Economically speaking this period of development material is superior to the first period of sterile revolution; it is superior also from the political point of view, for institutions have been perfected and their constitutional action has defined itself. The municipalities and the legislative power have acquired a relative autonomy; they have been victorious over the executive, which was omnipotent during the military period. In beauty and intensity, however, the prosaic age of industrialism has been inferior to the preceding period. Of old, vigorous personalities rose above the common level, and history had the vitality of a tragedy; men played with destiny and with death as in the time of the Italian renaissance. "Tyranny," writes Burckhardt, "in the ancient Latin republics, commenced by developing to the highest degree the individuality of the sovereign, of the condottiere." He then demonstrates the equally personal character of the statesmen and popular tribunes of Florentine history.[[2]] This analysis is applicable to the American leaders. Heroic audacity and perpetual and virile unrest characterise the struggles of the caciques. The military cycle closed, the republics lose this dramatic interest. Instead of describing the history of governments we must study the economic evolution of nations, and their statistics of industry and commerce. In tragedy the chorus, the crowd, becomes the essential person; it judges and executes, it is spectator and creator, while the heroes of old, the conquerors of destiny and founders of cities, disappear in the mists of the past.
To these political changes correspond changes in manners and customs; the cities, too, have changed and have lost their archaic character. The cosmopolitan invasion has resulted in a brilliant monotony, and interest has become the sole motive of action; permanent war is followed by peace à outrance; the republics have gained in wealth and mediocrity. It is a period of transition: we cannot yet distinguish the firm lineaments of the future State.
Will the Argentine and Brazil become great plutocratic States like the United States? Will Chili, which is copying the social organisation of England, be subjected, like the Anglo-Saxon Empire, to the attacks of demagogy? The spectacle of these enriched nations permits us to affirm only that in revolutionary America four nations, the Argentine, Brazil, Uruguay, and Chili, will, before the lapse of a century, be definitively organised as republics.
Yet these States still betray old racial characteristics.
"The dead found the race," writes M. Gustave Le Bon. "The dead generations impose on us not only their physical constitution but also their thoughts. Forms of government matter little."[[3]] In the democracies of Latin America the "fundamental revolution" of which politicians boast has been sterile; under the republican mask the Spanish heredity survives, deep-rooted and secular. The forms vary but the soul of the race remains the same. President-autocrats replace the vice-kings; the old struggles between the governors of the State and the bishops persist, for patronage in ecclesiastical affairs, the prestige of the "doctors," and academic titles.

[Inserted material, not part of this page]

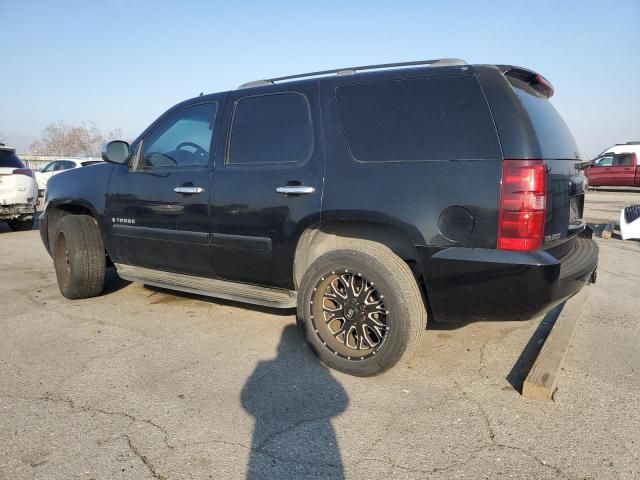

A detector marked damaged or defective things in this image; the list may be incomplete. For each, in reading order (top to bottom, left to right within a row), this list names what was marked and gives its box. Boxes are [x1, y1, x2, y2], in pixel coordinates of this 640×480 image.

pavement crack [123, 436, 168, 480]
cracked asphalt [0, 189, 636, 478]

The ruling caste, the heir to the prejudices of Spain, despises industry and commerce, and lives for politics and its futile agitations. The territorial seigneurs still have the upper hand as before the Revolution. The ancient latifundia still survive, the great domains which explain the power of the oligarchy. Assemblies exercise a secondary function, as the municipal cabildos of old. Catholicism is still the axis of social life. The picaros of Spanish romance, haughty and ingenious parasites, are still accepted at their own value. The bureaucracy swallows up the wealth of the exchequer; it was formed a century ago of voracious Castilians; to-day it consists of Americans devoid of will. Despite the equality proclaimed by the constitutions the Indian is subjected to the implacable tyranny of the local authorities, the curé, the justice of peace, and the cacique. Under other names the little despots of the Spanish period are still alive and active.

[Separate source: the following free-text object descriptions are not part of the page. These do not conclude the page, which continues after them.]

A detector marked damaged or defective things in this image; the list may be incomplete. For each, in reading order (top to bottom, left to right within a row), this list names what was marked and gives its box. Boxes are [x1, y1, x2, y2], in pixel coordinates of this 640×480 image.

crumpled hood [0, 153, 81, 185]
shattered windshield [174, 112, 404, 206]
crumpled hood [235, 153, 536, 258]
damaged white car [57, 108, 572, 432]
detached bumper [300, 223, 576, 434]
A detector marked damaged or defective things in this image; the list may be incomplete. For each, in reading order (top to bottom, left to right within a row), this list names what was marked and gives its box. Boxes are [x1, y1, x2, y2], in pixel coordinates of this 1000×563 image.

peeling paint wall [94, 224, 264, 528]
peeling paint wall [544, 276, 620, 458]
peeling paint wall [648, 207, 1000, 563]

The democracies of South America, then, are Spanish, although the élite has always been inspired by French ideas. Democracies by proclamation and in their anarchy, equalitarian and of mixed blood, the individual often acquires a heroic significance like that of the supermen of Carlyle; mediæval republics divided into irreducible families and factions, governed by enriched merchants; Greek republics, hostile to their own leaders, jealous of the virtue of Aristides and the wisdom of Themistocles, but without the plebiscitary ardour of the Hellenic community.
[[1]] The cold region of lofty table-lands.

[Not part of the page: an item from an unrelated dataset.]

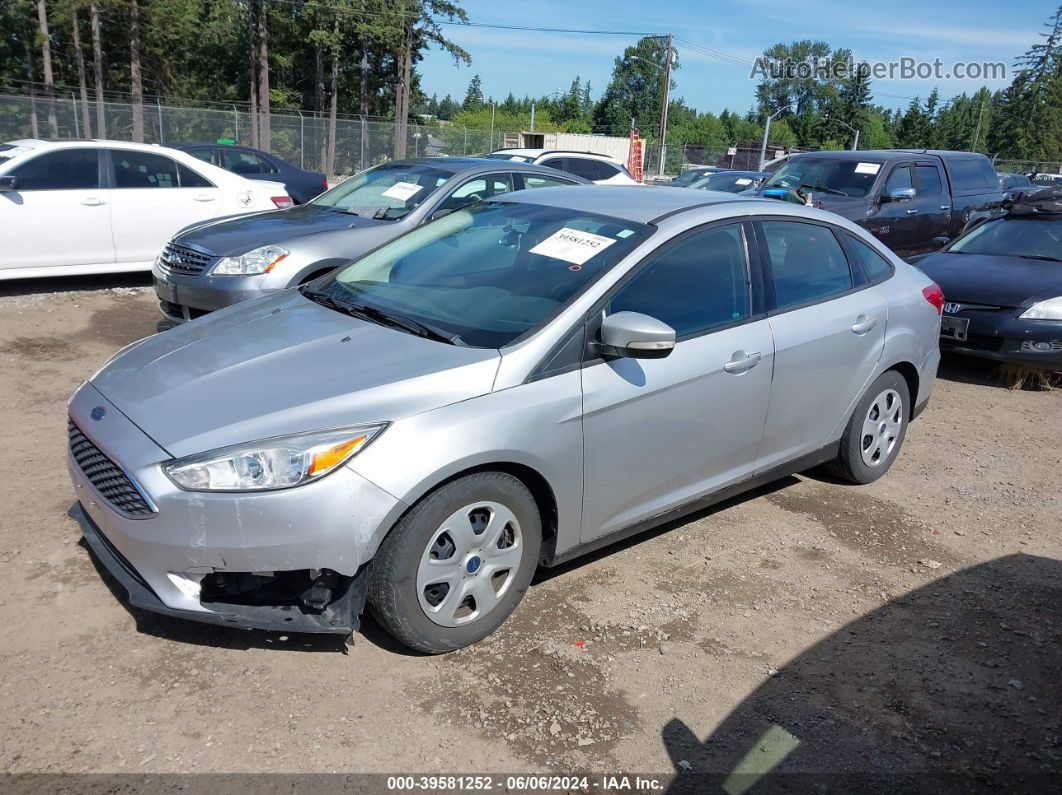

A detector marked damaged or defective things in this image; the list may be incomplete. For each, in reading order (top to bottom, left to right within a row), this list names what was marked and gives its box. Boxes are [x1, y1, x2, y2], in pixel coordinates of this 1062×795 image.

[[2]] La Civilisation en Italie au temps de la Renaissance, Paris, 1885, vol. i. pp. 165 et seq.
[[3]] Les lois psychologiques de l'Evolution des peuples, Paris, 1900, pp. 13 and 71.
BOOK II
THE CAUDILLOS AND THE DEMOCRACY
The history of the South American Republics may be reduced to the biographies of their representative men. The national spirit is concentred in the caudillos: absolute chieftains, beneficent tyrants. They rule by virtue of personal valour and repute, and an aggressive audacity. They resemble the democracies by which they are deified. Without studying the biographies of Paez, Castilla, Santa-Cruz, and Lavalleja, it is impossible to understand the evolution of Venezuela, Peru, Bolivia, and Uruguay.
CHAPTER I
VENEZUELA: PAEZ, GUZMAN-BLANCO
The moral authority of Paez—The Monagas—The tyranny of Guzman-Blanco—Material progress.
Two central figures, Paez and Guzman-Blanco, dominate the history of Venezuela. The first founded a republic in spite of the Unitarian aims of Bolivar; the second established a long autocracy over the factions and the quarrels of half a century.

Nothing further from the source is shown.